FCC opens drone rulemaking push as U.S. tightens supply chain controls and tests market access limits
The Federal Communications Commission has opened a public comment period on sweeping drone policy changes. The move pairs a push to speed U.S. unmanned aircraft development with a tougher national security screen for foreign-made systems and components.
The April 1 public notice from the FCC’s Wireless Telecommunications Bureau and Office of Engineering and Technology asks industry, operators and other stakeholders to weigh in on a broad set of reforms tied to the administration’s domestic drone agenda. The agency is seeking input on how to reduce friction in equipment certification, simplify siting approvals, expand spectrum access for testing and commercial use, streamline experimental licenses for beyond-visual-line-of-sight links and detect-and-avoid systems, and create additional drone innovation zones with public and private partners. Comments are due May 1. Reply comments are due May 18. The proceeding is rooted in two June 2025 executive orders that directed federal agencies to prioritize spectrum access, accelerate certification and favor domestically manufactured unmanned aircraft in federal procurement to the maximum extent allowed by law.
Spectrum policy sits at the center of the review. Most commercial drones in the United States currently depend on unlicensed industrial, scientific and medical bands, including 900 MHz, 2.4 GHz, 5.2 GHz and 5.8 GHz, for command and control. The FCC is now asking whether those bands can still support scaled operations as drone traffic rises and interference risk grows. On the licensed side, the agency again points to the 5030-5091 MHz aeronautical mobile band as a candidate for more dependable command-and-control links after adopting Part 88 service rules in 2024. A temporary mechanism already allows access to 5040-5060 MHz through FAA coordination and FCC registration while a longer-term band plan is still being developed. The FCC is also asking whether to remove aeronautical mobile restrictions across several flexible-use terrestrial bands, including 1.4 GHz, 2.3 GHz, 3.7 GHz and CBRS, and whether to revisit an earlier finding that the 960-1164 MHz band is unavailable for UAS use. Other options are also in play. AURA Networks has petitioned for 450 MHz spectrum for long-range links. The 24 GHz band is under consideration for radar and detect-and-avoid systems. Millimeter-wave bands are being examined for short-range payload and non-critical communications. The notice also ties drone policy to the broader advanced air mobility strategy released in December 2025, underscoring that regulators see unmanned aircraft communications as part of future aviation infrastructure rather than a narrow niche issue.

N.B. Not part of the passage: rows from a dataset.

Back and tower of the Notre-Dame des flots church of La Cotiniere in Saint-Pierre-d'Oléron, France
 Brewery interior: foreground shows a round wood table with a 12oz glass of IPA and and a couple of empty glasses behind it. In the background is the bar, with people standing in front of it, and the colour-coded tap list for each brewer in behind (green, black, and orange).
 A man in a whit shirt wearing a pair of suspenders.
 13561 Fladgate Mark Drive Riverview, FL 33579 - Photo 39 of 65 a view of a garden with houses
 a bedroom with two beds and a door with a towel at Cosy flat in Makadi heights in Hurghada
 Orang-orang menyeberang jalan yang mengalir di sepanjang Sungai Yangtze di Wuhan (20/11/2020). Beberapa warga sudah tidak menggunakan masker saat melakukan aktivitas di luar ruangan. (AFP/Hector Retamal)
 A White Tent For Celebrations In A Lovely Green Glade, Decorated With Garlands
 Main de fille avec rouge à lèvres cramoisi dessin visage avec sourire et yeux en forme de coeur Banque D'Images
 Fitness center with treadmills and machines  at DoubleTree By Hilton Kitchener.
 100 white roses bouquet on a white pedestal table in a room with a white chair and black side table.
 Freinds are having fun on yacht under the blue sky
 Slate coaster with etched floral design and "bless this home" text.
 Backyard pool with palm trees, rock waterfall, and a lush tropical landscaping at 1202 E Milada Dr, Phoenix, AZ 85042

The consultation comes as the FCC’s Covered List framework begins to reshape the market. In December 2025, after a national security determination by an interagency body, the commission added all drones and critical drone components produced in a foreign country to its Covered List, which identifies equipment and services deemed to pose unacceptable risks to U.S. national security. That action blocked new FCC equipment authorizations for the importation, marketing or sale of foreign-produced drones and key components such as motors, batteries, flight controllers, ground control stations and navigation systems. Existing authorized products can still be used, but new approvals face a much narrower path. In January 2026, the U.S. Department of Defense created two temporary carve-outs lasting until Jan. 1, 2027: systems on the Defense Contract Management Agency’s Blue UAS Cleared List and products that qualify as domestic end products under the Buy American Standard. At the same time, the FCC set up a conditional approval process that lets manufacturers seek a case-by-case national security determination by submitting corporate structure information, supply chain documentation and a U.S. manufacturing or onshoring plan. On March 18, the FCC announced the first four conditional approvals, all valid through Dec. 31, 2026: SiFly Aviation’s Q12, a California-built electric VTOL aimed at public safety and industrial inspection; Mobilicom’s SkyHopper Series, M Band and Tactical Data Link communications products and security software; ScoutDI’s Scout 137 indoor inspection drone for confined industrial spaces where GPS is unavailable; and Verge Aero’s X1 drone light show platform made in the United States. The first group sends a clear signal. The approvals went to specialized enterprise, public safety and industrial platforms rather than mass-market consumer aircraft. All were non-Chinese manufacturers. None compete at the same commercial scale as the largest mainstream drone brands.
The implication is broader than the four systems cleared so far. U.S. drone policy is now being shaped by two forces at once: pressure to expand domestic capability quickly and pressure to harden the supply chain against national security risk. For manufacturers, that raises the bar not only on performance but also on documentation, sourcing and domestic production plans. For operators and procurement officials, Jan. 1, 2027 is emerging as the most important date on the regulatory calendar because current exemptions expire then unless they are extended, replaced or made permanent. The FCC’s current comment process will therefore influence more than licensing details and band assignments. It will help determine which companies can sell into the U.S. drone market, which technologies gain room to scale, and how quickly the country can build a more secure domestic unmanned aircraft ecosystem.